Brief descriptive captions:
##########
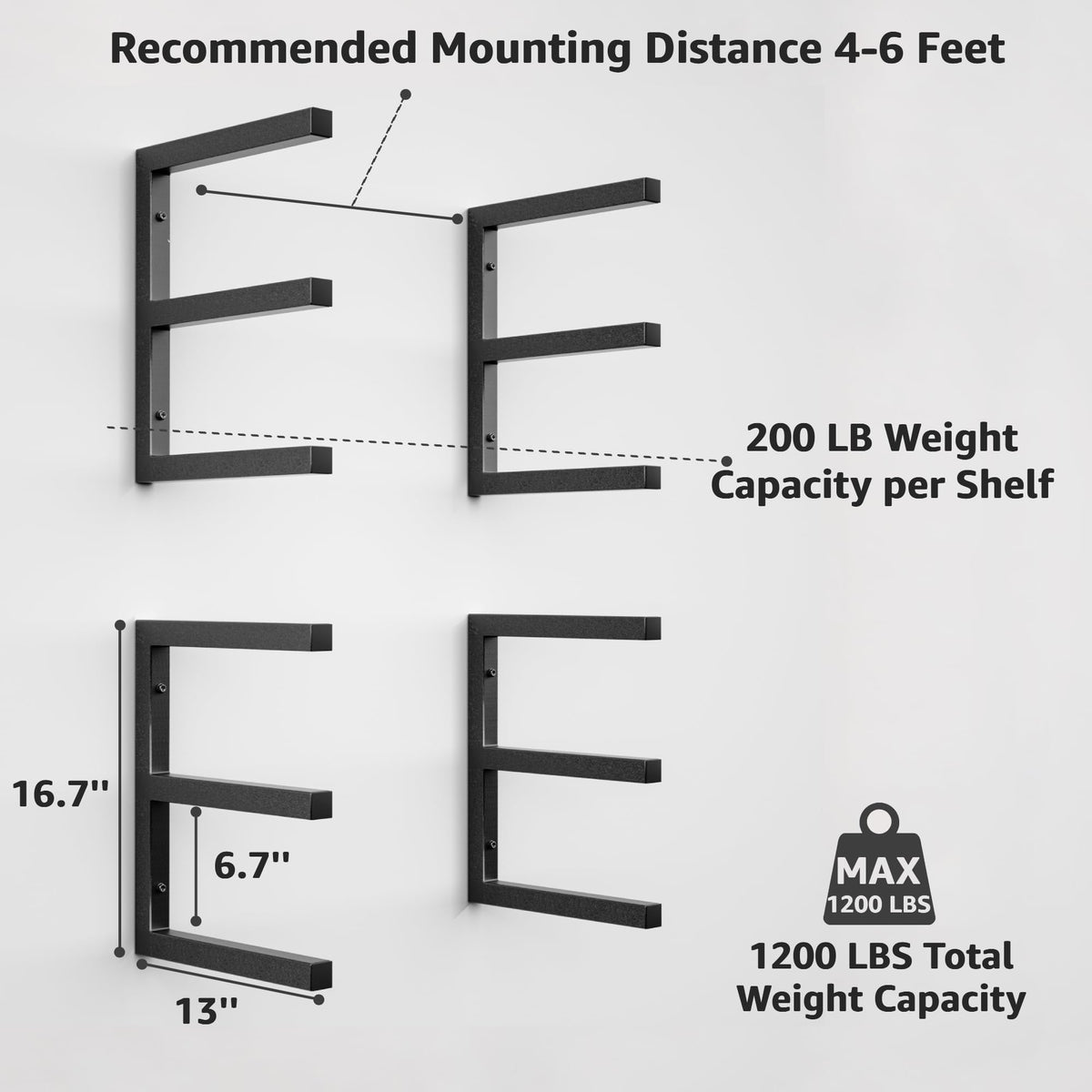 YYR six-level lumber storage shelf demonstrates generous capacity for long items.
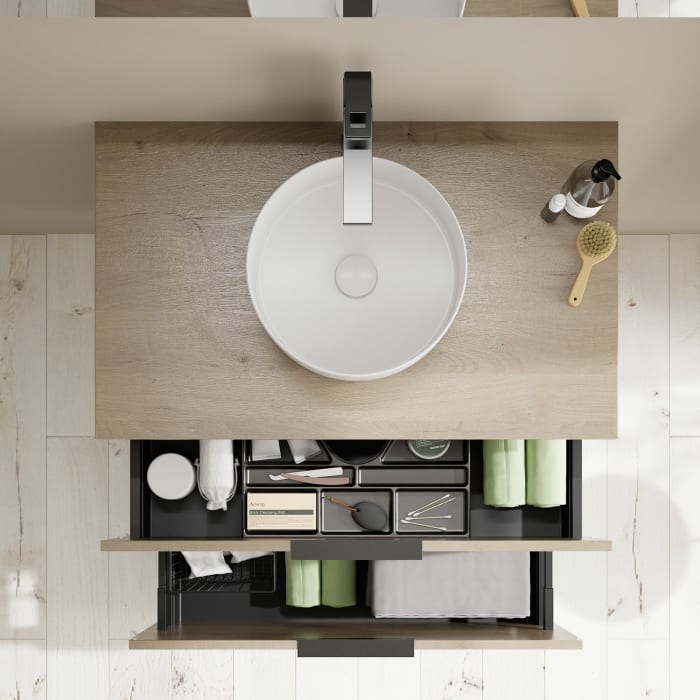 burgbad Eqio Waschtischkombination mit Keramik-Aufsatzwaschtisch 90 cm, mit Griff G0200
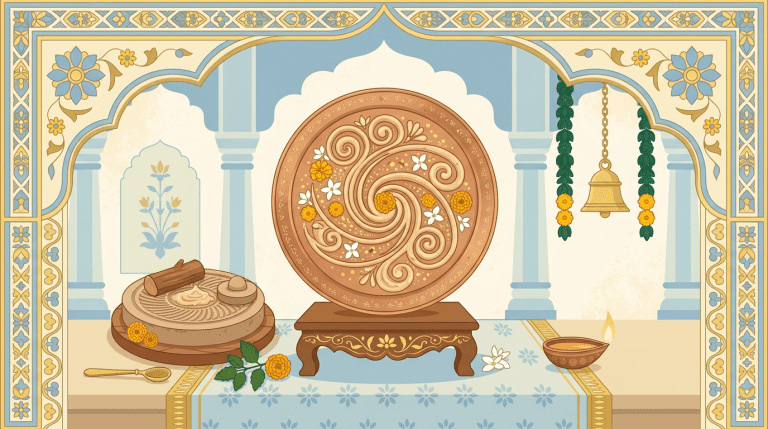 Sandalwood chandana paste with grinding stone used in Hindu temple rituals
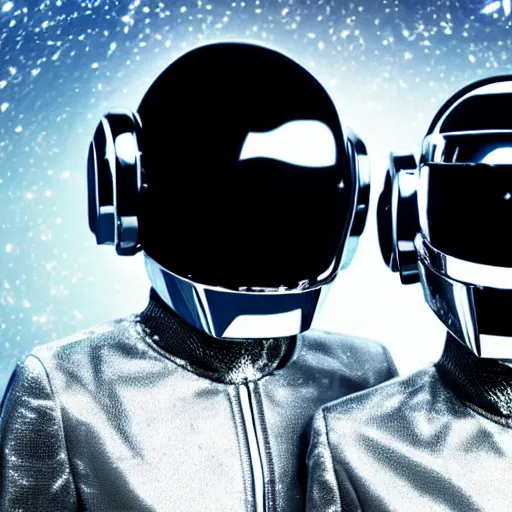 Prompt: daft punk as astronauts, photorealistic, 4 k, high detail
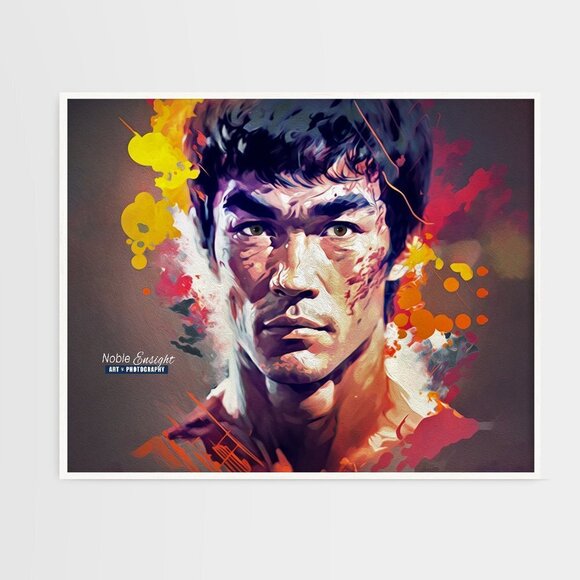 Bruce Lee Portrait Wall Art Martial Arts Watercolor Oil‎ Painting Poster - Picture 7 of 7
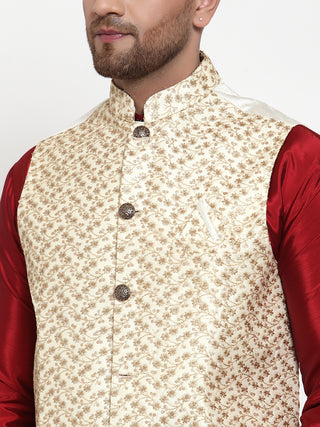Jompers Men's Solid Dupion Kurta Pajama with Embroidered Nehru Jacket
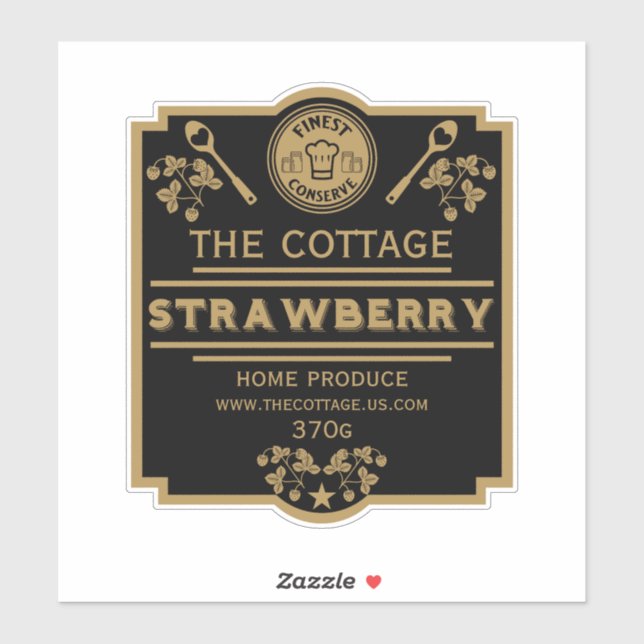 Pegatina Vendedor de mermelada de fresa (Hoja)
##########
*YOUR TASK*
For every entry above, write it out exactly and remove any image.

*RESULT*
 YYR six-level lumber storage shelf demonstrates generous capacity for long items.
 burgbad Eqio Waschtischkombination mit Keramik-Aufsatzwaschtisch 90 cm, mit Griff G0200
 Sandalwood chandana paste with grinding stone used in Hindu temple rituals
 Prompt: daft punk as astronauts, photorealistic, 4 k, high detail
 Bruce Lee Portrait Wall Art Martial Arts Watercolor Oil‎ Painting Poster - Picture 7 of 7
Jompers Men's Solid Dupion Kurta Pajama with Embroidered Nehru Jacket
 Pegatina Vendedor de mermelada de fresa (Hoja)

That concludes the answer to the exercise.